La jeunesse suisse a connu cette émergence d’un marché spécifique dans lequel la
musique joue un rôle majeur avec l’apparition de groupes locaux dès les années 60, comme
les Aiglons ou Krokodil. Mais qu’en est-il précisément de cet héritage en 1980, au moment où
les différentes manifestations sont sur le point de débuter en Suisse. Avant d’analyser cette
« culture jeune » en Suisse dans une perspective socio-historique, un dernier concept est
nécessaire, celui de scène défini par le sociologue Will Straw comme l’espace se
regroupent plusieurs acteurs en fonction de différents aspects comme la localisation, le type
de production culturelle ou encore les activités sociales qui y sont pratiquées14. Ici la scène
représente l’unité spatiale se cristallise une culture, identifiable à travers divers éléments
comme l’existence d’un lieu de rassemblement ou de groupes phare. A noter que pour la
Suisse du début des années 1980, cette scène ne se focalise pas sur un seul genre musical.
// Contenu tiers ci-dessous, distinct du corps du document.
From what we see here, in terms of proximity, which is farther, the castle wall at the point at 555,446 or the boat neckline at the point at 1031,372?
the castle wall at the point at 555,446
Du
fait de son aspect relativement réduit et, comme nous le préciserons par la suite, du peu
d’occasion de se produire pour ce type de cultures, les artistes et publics de rock, de punk, de
reggae se concentrent dans une même scène commune.
Un autre aspect de la scène suisse est que, contrairement aux autres pays européens et
notamment à la Grande-Bretagne, elle ne connait pas de changement drastique sur le plan
économique suite à la crise des années 1970. En effet, en 1982, son PIB ne connaitra qu’une
baisse de 1,1%. Même à la fin de période de crise, en 1984, son taux de chômage ne dépassera
jamais les 1,2%15, alors qu’il est de 7,2% en France à la même époque16. Par contre, la
situation suisse se rapproche de la tendance européenne quant à la baisse tendancielle des
contestations sociales17. Après avoir atteint son apogée en Suisse en 1975, les mobilisations
baissent drastiquement à la fin des années 70 pour retomber à un niveau similaire à celui
d’avant 1967 en 197818.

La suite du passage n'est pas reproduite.